Sarebbe davvero singolare che siano tenuti a partecipare solo coloro che
hanno votato a favore, a meno che la stessa delibera non lo preveda
espressamente. Qualora invece il Collegio deliberi che quella tale
iniziativa è fondamentale e che ad essa debba partecipare l’intero Collegio,
nessuno potrà sottrarsi. Lo stabilisce persino una recente Sentenza del
Consiglio di Stato, così come riferisce l’Ispettore Cerini in un articolo
apparso su “Notizie della Scuola” dedicato all’argomento
Una settimana fa nel corso del Seminario nazionale svoltosi a Bari
nell’ambito delle iniziative del MPI sul tema “Indicazioni per
l’integrazione”, il gruppo coordinato dall’ispettore Iosa, al quale ho
partecipato, ha approvato un documento in cui si sollecita il Ministero a
introdurre l’obbligatorietà come elemento decisivo per avviare davvero una
nuova stagione nella scuola italiana.
Infine ho sottomano l’ultimo Documento dell’ANDIS Piemonte sulla formazione
dei docenti riguardo alle Indicazioni nazionali (“Perché i nostri alunni
risultano i più somari d’Europa?” sul sito
www.andispiemonte.it) che mi pare estremamente puntuale e chiaro
nell’indicazione di un obbligo da introdurre se non per via contrattuale
(vista la contrarietà delle OOSS) attraverso una precisa norma ad hoc. A
dire il vero tale norma esiste già, per le innovazioni di carattere
ordinamentale a livello nazionale, ma il Ministero non ha inteso applicarla
finora. Si rischia di perdere così una grande occasione per introdurre
nella Scuola italiana quelle innovazioni di carattere metodologico-didattico,
che sono le sole in grado di immettere elementi di qualità nel sistema.
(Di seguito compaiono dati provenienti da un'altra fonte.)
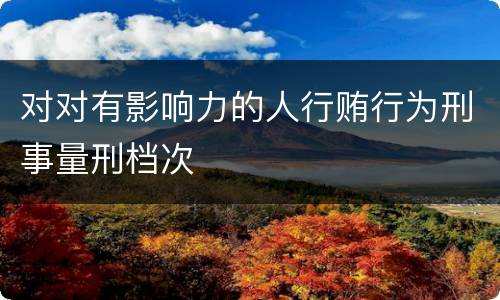 对对有影响力的人行贿行为刑事量刑档次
Non servono infatti né i bei documenti né i buoni propositi che accompagnano
di solito le recenti stagioni “riformistiche”, da Berlinguer a Fioroni.
Sappiamo tutti come si siano arenate le riforme precedenti, sotto il fuoco
incrociato di sindacati e forze restie a qualsiasi cambiamento. Il nodo
fondamentale, è inutile nasconderselo, sta nella convinzione e nella
partecipazione del corpo docente ai processi di cambiamento reale, quelli
che investono la pratica didattica quotidiana.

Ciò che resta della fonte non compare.